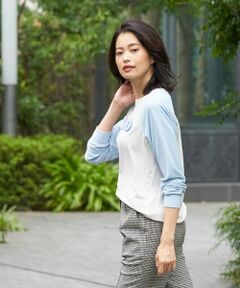 CARA O CRUZ / キャラ・オ・クルス カットソー | 洗える ラグランスリーブのロゴTシャツ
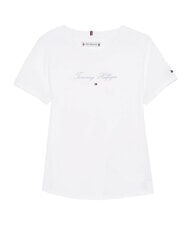 TOMMY HILFIGER KIDS BIMBA T-shirt &agrave; manches courtes avec imprim&eacute; logo blanc - Tee-shirt enfant - 3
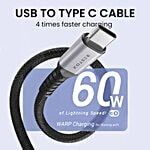 BigBasket - 60w fast charging type-c data cable @ Rs.90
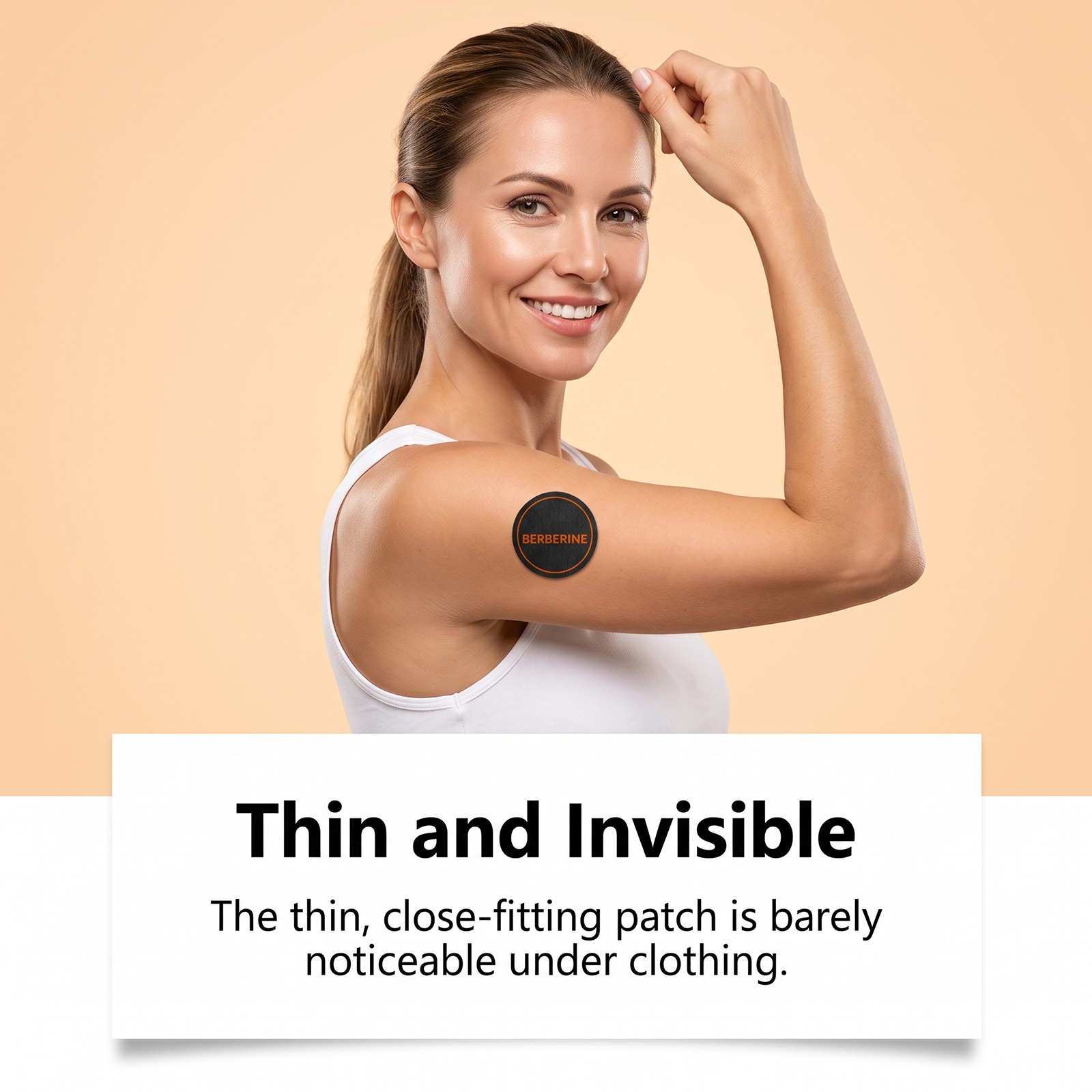 Berberine Care Patch Thin Invisible Soft Mild Moist Light Convenient Body Line Skin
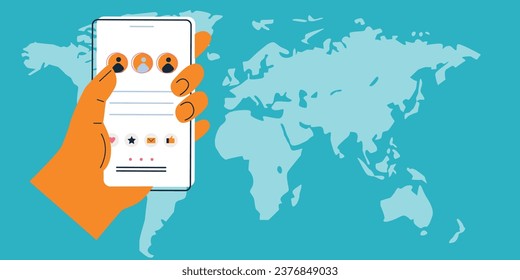 Digital Marketing illustrations. Business activities. Modern deep machine learning technology. Flat vector illustration
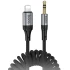 Аудио кабель Aux Hoco UPA33A Nuevo (Lightning to AUX 3.5mm) (1.5m) – Black. Фото 1 из 7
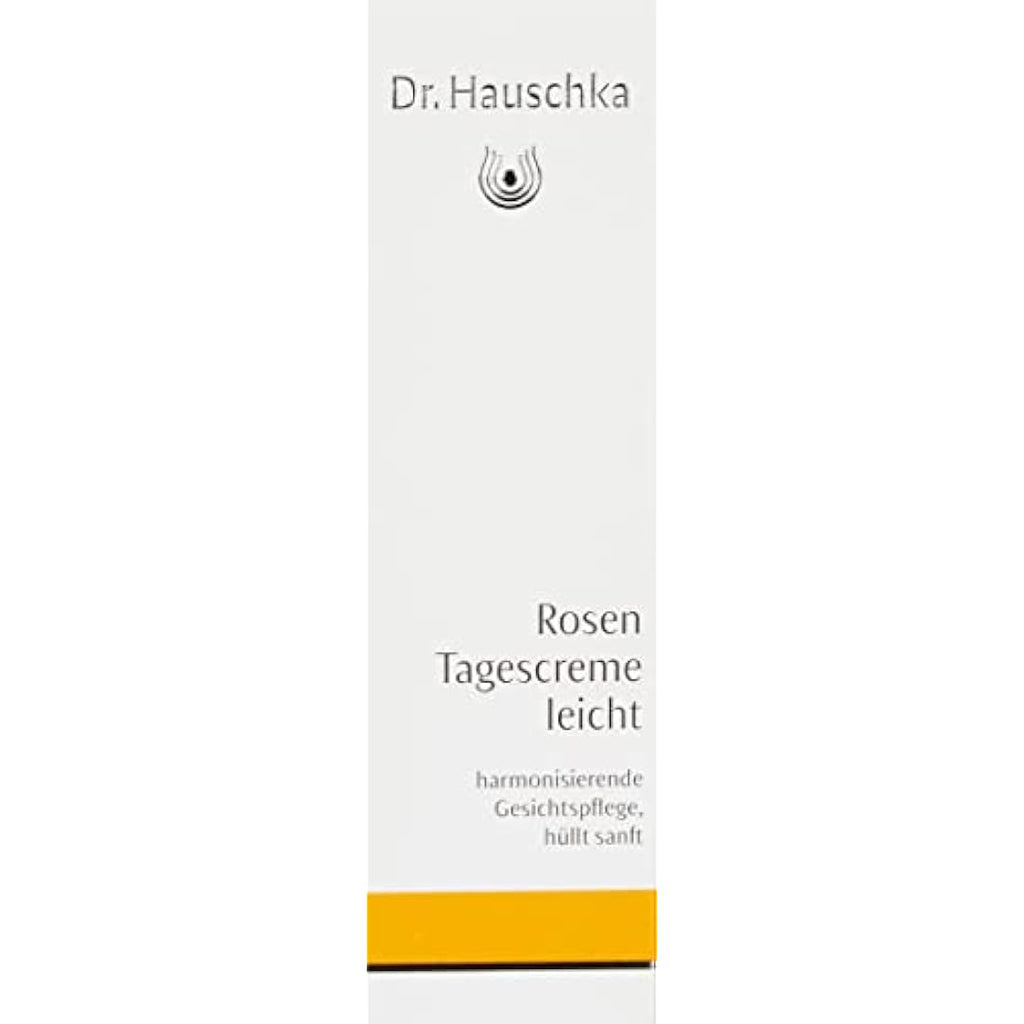 Dr. Hauschka Rose Day Cream Light – Organic Face Moisturizer, 30 ml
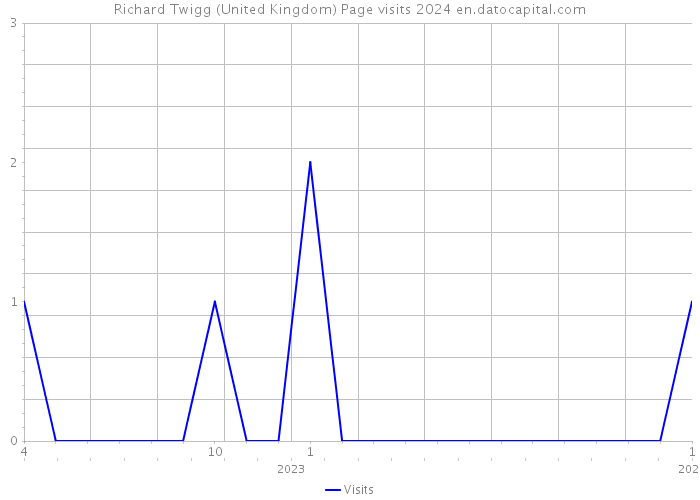 Richard Twigg (United Kingdom) Page visits 2024 
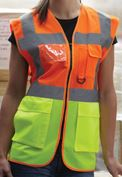 Executive Two-Tone Hi-Viz Vest -  Class 2 HV7674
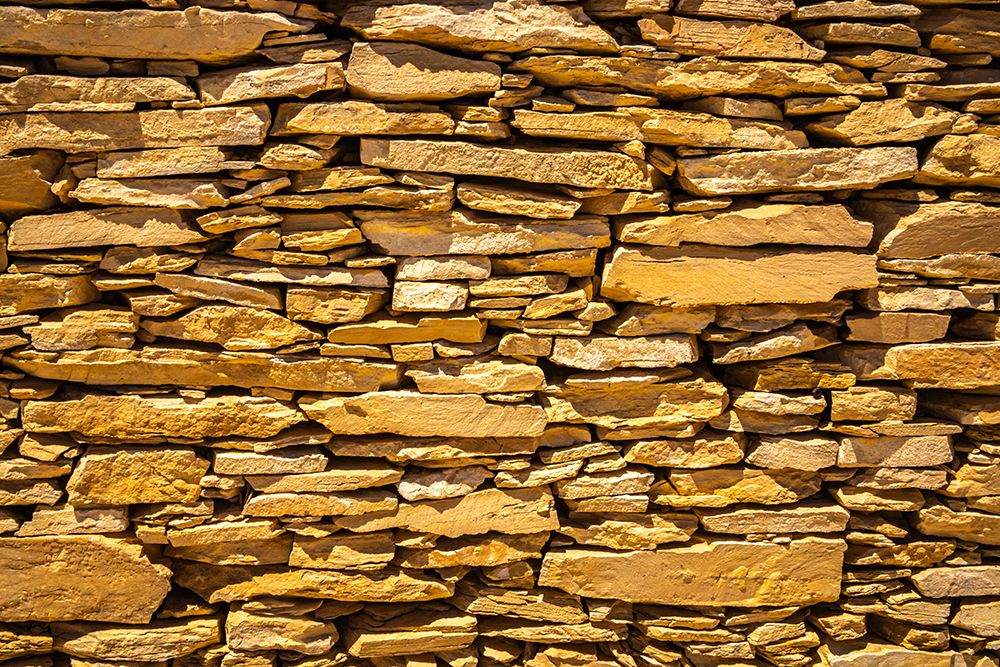 USA, Texas, Terlingua. Ruins of stone wall in Terlingua Ghost Town. art print by Jaynes Gallery for $57.95 CAD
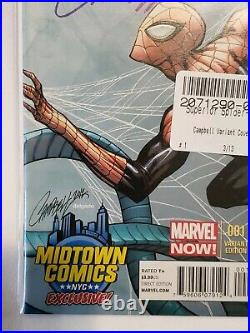 Superior Spider-Man 1 Midtown Comics Variant Stan Lee & Campbell Signed/COA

What you need to do:
Every line above should be duplicated exactly; the pictures are to be left out.

Response below:
 CARA O CRUZ / キャラ・オ・クルス カットソー | 洗える ラグランスリーブのロゴTシャツ
 TOMMY HILFIGER KIDS BIMBA T-shirt &agrave; manches courtes avec imprim&eacute; logo blanc - Tee-shirt enfant - 3
 BigBasket - 60w fast charging type-c data cable @ Rs.90
 Berberine Care Patch Thin Invisible Soft Mild Moist Light Convenient Body Line Skin
 Digital Marketing illustrations. Business activities. Modern deep machine learning technology. Flat vector illustration
 Аудио кабель Aux Hoco UPA33A Nuevo (Lightning to AUX 3.5mm) (1.5m) – Black. Фото 1 из 7
 Dr. Hauschka Rose Day Cream Light – Organic Face Moisturizer, 30 ml
 Richard Twigg (United Kingdom) Page visits 2024 
 Executive Two-Tone Hi-Viz Vest -  Class 2 HV7674
 USA, Texas, Terlingua. Ruins of stone wall in Terlingua Ghost Town. art print by Jaynes Gallery for $57.95 CAD
 Superior Spider-Man 1 Midtown Comics Variant Stan Lee & Campbell Signed/COA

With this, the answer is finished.